Pitt sat relaxed, leaned back in a raised chair in front of the wheel column, and steered the boat with one foot as they passed quiet picturesque lagoons that opened onto the river. Giordino had borrowed a lounge chair and pad from McGee, and reclined with his feet hanging over the bow, warily eyeing the occasional eighteen-foot crocodile that he spotted sunning itself on the bank.

Wise to the ways of a rain forest, Giordino shrouded himself with mosquito netting. Not usually mentioned in the travel brochures, in this part of the world the little bloodsuckers were nearly as prolific as raindrops. Not wanting to hinder his movements, Pitt soaked his exposed skin with repellent.

The first twenty miles took them northwesterly along the Rio Colorado until it eventually met the muddy waters of the Rio San Juan that served as the meandering borderline between Nicaragua and Costa Rica. From here, it was another eighty kilometers up the river until they reached the town of San Carlos on Lake Cocibolca, better known simply as Lake Nicaragua.

"I've yet to see any signs of construction," said Giordino, studying the shoreline through a pair of binoculars.

"You've already seen it," said Pitt, watching the multicolored birds nesting in the trees whose branches reached over the flowing water.

Giordino twisted in his lounge chair, pulled down his sunglasses and stared at Pitt over the rims as if he were looking at a bookie giving hundred-to-one odds on a favorite to win the next race. "Run that by me again."

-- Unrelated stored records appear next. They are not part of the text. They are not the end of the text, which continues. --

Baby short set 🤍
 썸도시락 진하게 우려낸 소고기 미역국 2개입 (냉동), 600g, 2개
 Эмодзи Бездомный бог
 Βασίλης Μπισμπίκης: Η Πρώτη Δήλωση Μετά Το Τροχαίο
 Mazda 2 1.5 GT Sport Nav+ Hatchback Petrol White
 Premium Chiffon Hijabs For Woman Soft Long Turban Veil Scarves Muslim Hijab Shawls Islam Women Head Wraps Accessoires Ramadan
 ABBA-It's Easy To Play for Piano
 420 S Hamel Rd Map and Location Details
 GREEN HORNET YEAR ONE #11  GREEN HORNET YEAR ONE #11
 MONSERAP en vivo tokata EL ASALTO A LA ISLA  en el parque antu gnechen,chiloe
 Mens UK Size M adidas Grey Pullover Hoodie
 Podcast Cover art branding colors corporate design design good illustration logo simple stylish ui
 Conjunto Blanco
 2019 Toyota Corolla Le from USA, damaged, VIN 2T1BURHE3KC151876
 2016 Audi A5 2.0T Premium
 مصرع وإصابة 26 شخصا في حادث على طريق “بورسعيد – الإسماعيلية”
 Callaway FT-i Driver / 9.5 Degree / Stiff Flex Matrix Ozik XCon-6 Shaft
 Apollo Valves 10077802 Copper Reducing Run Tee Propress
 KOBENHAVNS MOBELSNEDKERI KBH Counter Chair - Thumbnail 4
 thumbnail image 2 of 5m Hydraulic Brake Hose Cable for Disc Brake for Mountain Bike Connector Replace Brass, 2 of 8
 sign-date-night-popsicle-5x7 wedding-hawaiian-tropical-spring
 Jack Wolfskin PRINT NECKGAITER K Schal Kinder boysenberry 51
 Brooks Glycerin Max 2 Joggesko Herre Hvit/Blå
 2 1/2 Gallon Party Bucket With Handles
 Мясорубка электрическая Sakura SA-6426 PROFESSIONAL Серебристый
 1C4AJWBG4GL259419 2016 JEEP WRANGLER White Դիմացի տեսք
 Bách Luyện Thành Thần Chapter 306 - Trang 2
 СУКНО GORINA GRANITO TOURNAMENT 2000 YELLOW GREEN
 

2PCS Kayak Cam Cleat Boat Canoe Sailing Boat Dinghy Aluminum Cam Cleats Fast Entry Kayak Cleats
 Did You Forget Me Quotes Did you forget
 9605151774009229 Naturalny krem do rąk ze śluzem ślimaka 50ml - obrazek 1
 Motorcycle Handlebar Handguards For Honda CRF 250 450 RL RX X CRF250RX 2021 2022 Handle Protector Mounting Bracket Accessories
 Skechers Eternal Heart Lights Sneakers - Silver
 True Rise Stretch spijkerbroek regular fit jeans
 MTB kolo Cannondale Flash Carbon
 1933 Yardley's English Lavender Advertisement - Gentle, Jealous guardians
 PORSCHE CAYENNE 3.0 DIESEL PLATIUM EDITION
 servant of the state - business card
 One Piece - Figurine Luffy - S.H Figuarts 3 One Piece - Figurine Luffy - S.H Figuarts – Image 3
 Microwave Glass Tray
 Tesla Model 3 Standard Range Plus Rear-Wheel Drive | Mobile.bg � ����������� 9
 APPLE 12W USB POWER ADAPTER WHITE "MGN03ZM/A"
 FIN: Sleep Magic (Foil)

"Your friend Micky Levy. Remember her?"

"The name rings a bell," muttered Giordino, still trying to follow Pitt's tack.

"Over dinner she talked about plans to build an 'underground bridge,' a railroad tunnel system that was designed to travel through Nicaragua between the oceans."

"She also said the project was never launched because Specter pulled out."

"A deception."

"A deception," Giordino parroted.

"After the engineers and geologists, like your friend, Micky, finished their survey, Odyssey officials insisted they sign confidentiality agreements never to reveal any information about the proposed project. Specter threatened to withhold any payment until they agreed. Then they announced that after studying the reports, they decided the project was not practical, and cost-prohibitive."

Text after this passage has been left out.